(Week 19 - Wednesday, Dec. 17)
With the current "debt" crisis we are witnessing the economy move beyond the partnership of wealth creation and money creation (i.e. beyond "capitalism"). Let us trace out how this has come about.
The premise of the "debt-money" system is that if participants in the economy need money, they can borrow it by putting up some form of "collateral" (already acquired tangible wealth) that the banker can hold as "security" (saleable item from which he can recover the monetary value) in case the borrower fails to pay back the loan. The banker obtains the funds to "lend" out of his privilege to create money "out of thin air" granted by the Federal government to the Federal Reserve System via a legislated corporate charter.
This has resulted in a peculiar situation in that the money to repay the principal proceeds of a loan is thereby issued, but the money required to "pay back" the "interest" is not. The proponents of the system do not deem this to be a problem because they assume that the "economic growth" financed by new loans will be the basis out of which interest payments can be made. Supposedly, the necessity of having to cover interest payments of itself spurs the economy on to greater heights of activity, and also serves as a needed discipline to insure that such money is borrowed only for enterprise that is truly productive.
This method has worked for the almost-a-century since the passage of the Federal Reserve Act, but, according to critics, not without terrible human and environmental cost. Whatever the merits of the current system, it is clear that a physical economy cannot forever keep up with the demands of exponentially expanding "debt" paper.

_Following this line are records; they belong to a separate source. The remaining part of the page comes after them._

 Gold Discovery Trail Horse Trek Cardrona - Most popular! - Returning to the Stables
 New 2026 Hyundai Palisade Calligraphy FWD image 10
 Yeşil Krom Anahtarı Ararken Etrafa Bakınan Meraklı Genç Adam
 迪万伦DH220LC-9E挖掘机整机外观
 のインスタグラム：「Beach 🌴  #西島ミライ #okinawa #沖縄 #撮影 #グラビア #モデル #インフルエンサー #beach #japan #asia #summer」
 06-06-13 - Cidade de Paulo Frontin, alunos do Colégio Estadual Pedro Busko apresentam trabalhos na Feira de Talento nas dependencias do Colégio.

A limit will eventually be reached, and it appears that that may be what is happening now.
To be sure, it has not been experienced as the crossing of a bright white line, but rather as a stretching out of the substantive quality of collateral. This has manifest in many ways, including the increasing issuance of money based on revolving consumer "debt" taken on to obtain the necessities of life (e.g. groceries, gas, etc.), the proliferation of loans against inflated housing values, and the effective reliance on war (hot and cold, overt and covert) as engines of "debt-money" creation. Currency issued for such purposes becomes less of a seed for further enterprise out of which "interest" payments can be made, and more of a net drain on the already existent productive capacity of the economy.
The relentless imperative for new money creation within a "debt-money" system makes it inevitable that a resort to ever-less-substantive forms of "collateral" will take place. This unfolds in a natural progression that could be described as follows:
Commensurate collateralization - The principal amount of a loan is within the bounds of a realistic valuation of the property put up as collateral considering the cost to create or replace it. An example is a home mortgage for which the amount of money borrowed is reasonably affordable within the parameters of prevailing wages.

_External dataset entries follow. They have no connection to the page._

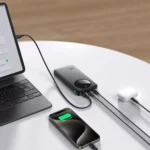 Joyroom-JR-PBF12-10000mAh-Powerbank-2.4A-2x-USB-A-1x-USB-C-black-8.webp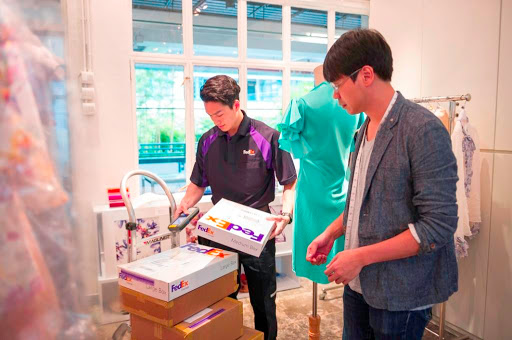 小型趨勢：小型零售商如何突破時裝週從時尚社群行銷打拼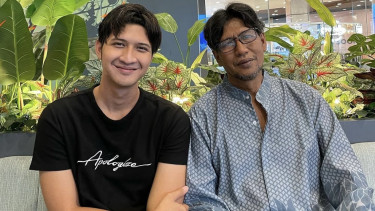 Aditya Zoni dan sang ayah, Suhendri Zoni.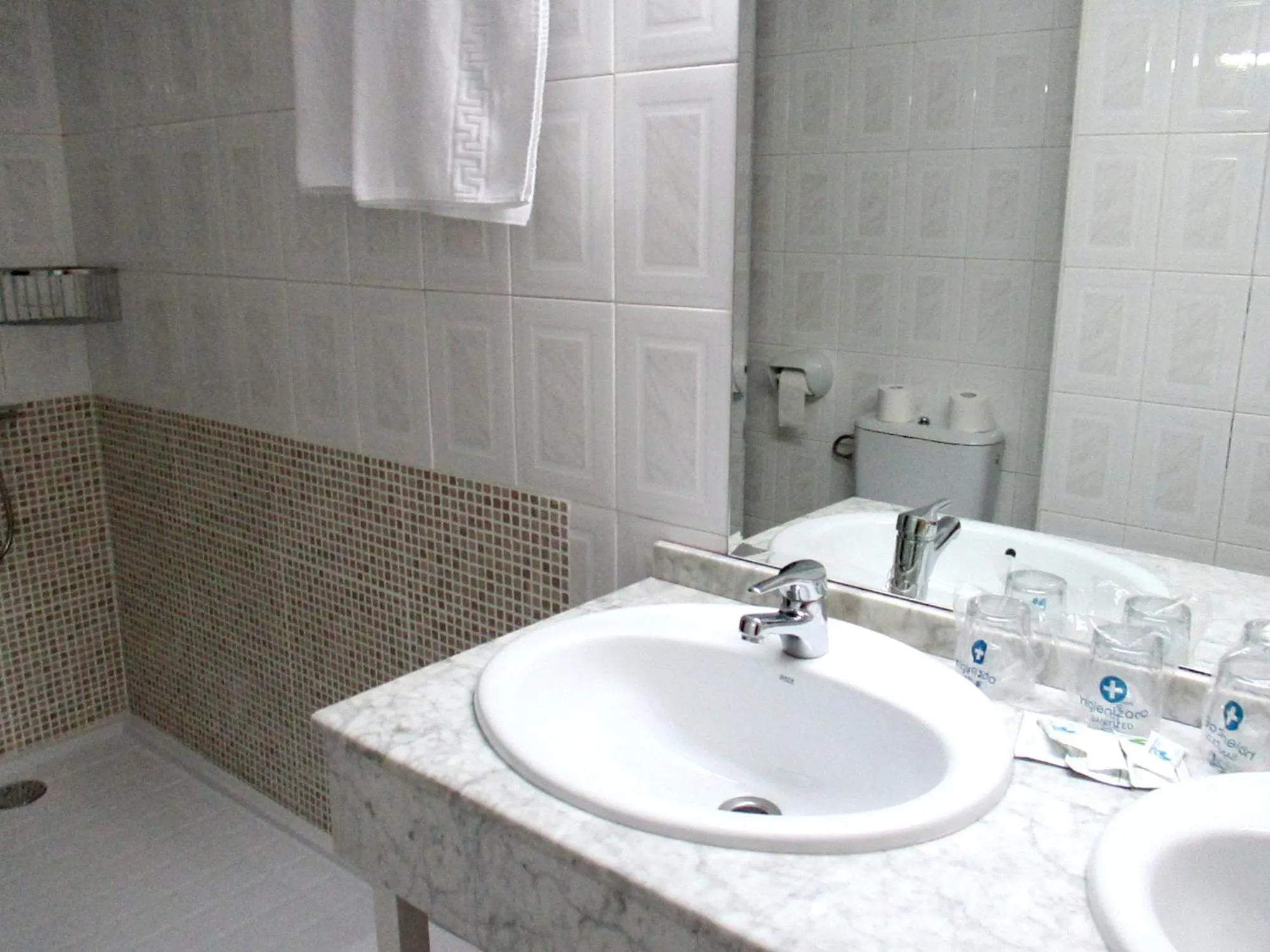 Bathroom in Hotel Perales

Inflated collateralization - The principal amount of a loan is beyond the bounds of a realistic valuation of the property put up as collateral considering the cost to create or replace it. An example is a "sub-prime" home mortgage for which the amount of money borrowed is not affordable within the parameters of prevailing wages.
Paper collateralization - The loan is not secured by already acquired tangible wealth, but by the liens or "debt" paper written against such. An example is money issued to finance the widespread practice of bundling home mortgages as "investment packages" or "structured investment vehicles" in the international financial markets. Borrowing "on margin" to finance stock market speculation is a similar sort of activity.

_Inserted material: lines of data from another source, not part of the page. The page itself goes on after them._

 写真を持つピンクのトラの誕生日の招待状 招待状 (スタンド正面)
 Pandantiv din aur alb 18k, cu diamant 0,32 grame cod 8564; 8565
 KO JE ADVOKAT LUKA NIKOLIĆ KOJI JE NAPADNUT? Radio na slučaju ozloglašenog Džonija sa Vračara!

Phantasmic collateralization - The loan is no longer secured by even the pretense of existent wealth or wealth creation, but rather by the illusions of the socio/political/financial culture that invariably emerges to obscure the speculative nature and stubborn anomalies of a "debt"-based monetary system. Examples of this are supported by mindsets that can see as justified monies raised or issued to finance hostile corporate takeovers, default credit swaps, commodity speculation, currency manipulation, all manner of derivatives, social contracts that can't be met (e.g. unrealistically structured pensions), and the promises of politicians (albeit well-meaning) who assure us that they will make certain that the $700 billion in "bailout" money will be paid back.
As an illustration of how disconnected from substantive wealth the monetary system has become, Bernard Lietaer (former Belgian central banker, and widely regarded authority on money) reports in his book "The Future of Money" that the world trading order has become a "…global casino where 98% of the transactions are based on speculation." This means that of the money that crosses international boundaries, only 2% of it can be accounted for as financing trade in goods and services (food, pharmaceuticals, cars, electronics, media, tourism, oil, weapons, and anything else tangible). The rest is essentially non-productive gambling in speculative financial instruments.
As extreme as the situation has gotten, the degrading of collateralization has gone a critical step further. I will describe that in the next column.
Richard Kotlarz
1904 1st Ave. S, #12
Minneapolis, MN 55403
218-828-1366
richkotlarz@gmail.com
The complete set of columns from this series is posted at the following websites.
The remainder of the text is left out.